В статье на смерть Хулиана дель Касаля, которого Дарио любил и ценил, считая его латиноамериканским Эдгаром По (высшая похвала), он привел отзывы о творчестве Касаля Гюисманса, Гюстава Моро, Верлена и говорил о нем как о предвестнике будущей новой Америки. Топика его профетических высказываний перекликалась с мартианской.
После выхода «Языческих псалмов» началась окончательная кристаллизация личности и сознания Дарио, переход от юношеского индивидуализма к новой концепции индивидуальности. В статье «Цвета знамени» он определил ее как результат синтеза многих традиций. Становление его творческой «индивидуальности» в «Лазури» произошло – тут он повторил своего критика X. Валера – путем смешения в «перегонном кубе» множества различных ингредиентов, и из этой перегонки родилась его «редкостная квинтэссенция»[272]. В отличие от романтиков, тоже провозглашавших необходимость восприятия традиций, но редко выходивших за пределы испанских норм, Дарио осуществил взаимодействие на уровне различных языково-поэтических стихий, но сохранил суверенность родной речи, т. е. осуществил то, к чему призывал Марти.

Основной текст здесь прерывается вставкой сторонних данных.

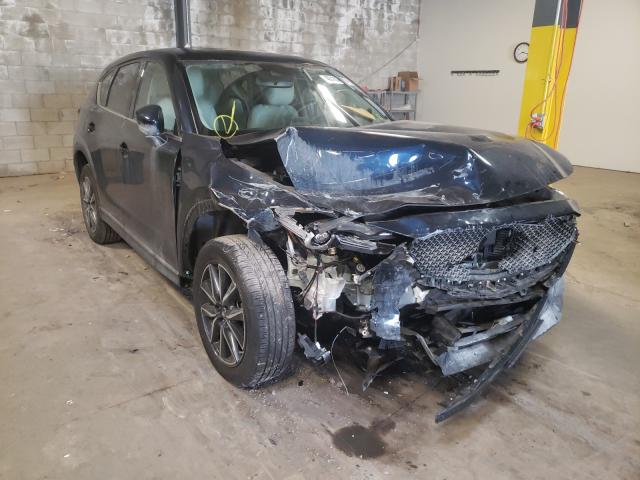 MAZDA CX-5 GRAND 2018 jm3kfbdm0j0455262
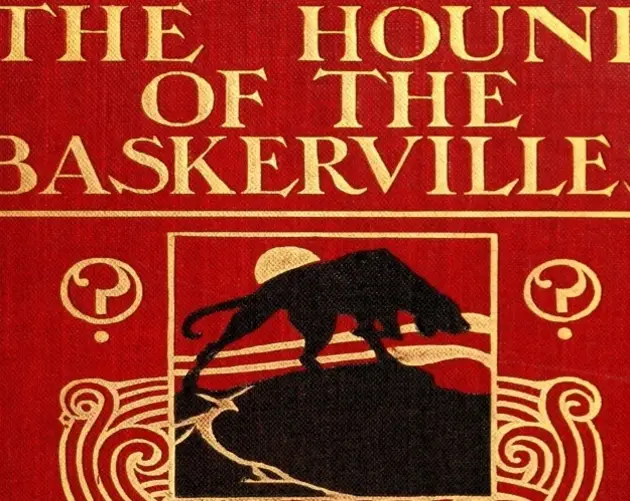 Hound Of The Baskervilles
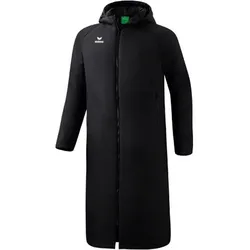 ERIMA Team Stadionmantel, black, L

В эти годы в неразрывной связи с эстетическими установками модернизма выкристаллизовалась американская идеология Дарио. В 1898 г., когда Куба стала добычей США, отнятой у разгромленной и обессиленной Испании, он опубликовал эссе «Триумф Калибана», важнейший памятник литературы модернизма и всей латиноамериканской духовной традиции. Опираясь на предшественников в Латинской Америке (в Аргентине – Поль Груссак[273]) и на европейскую эпику того времени (Ренан), он построил эссе на оппозиции шекспировских образов «Бури», своими мотивами связанной с коллизиями эпохи открытия Нового Света. Оперируя шекспировскими образами Калибана и Ариэля как символами, Дарио перевернул актуальную для эпохи оппозицию «варварство – цивилизация» (латиноамериканцы – варвары, североамериканцы – цивилизующее начало), представив США в образе варвара – Калибана. Использовав геополитический язык своего времени, на основе идей социал-дарвинизма и позитивизма Спенсера он трактовал нарастающий мировой конфликт как борьбу англосаксонской и латинской рас, но перевел его в сферу духовно-эстетическую. Соединенные Штаты, об угрозе которых писал Марти (а Дарио набрасывает образ Нью-Йорка, используя его стилистику), – это воплощение вульгарного материализма, враждебного духовно-идеальному началу и красоте. «Великая бестия», попирающая Кубу сегодня, угрожает всей Латинской Америке, латинским расам, которым следует объединиться, встать на защиту обессиленной Испании, наследницы духовной традиции Сервантеса, Кеведо, Гонгоры, Веласкеса, «дочери Рима, сестры Франции и матери Америки»[274]. Латинская раса – носительница духа Ариэля, гения духовности, идеальности, культуры. Дарио бросил непримиримый вызов брутальной бездуховности[275]. Он идентифицировал себя и всю Латинскую Америку с латинской культурной традицией. Так определилось новое культурно-идеологическое сознание Дарио, а проблема творческой индивидуальности с уровня личностного вышла на уровень цивилизационно-культурного самоопределения «нашей Америки», вслед за Марти и предвещая Родо.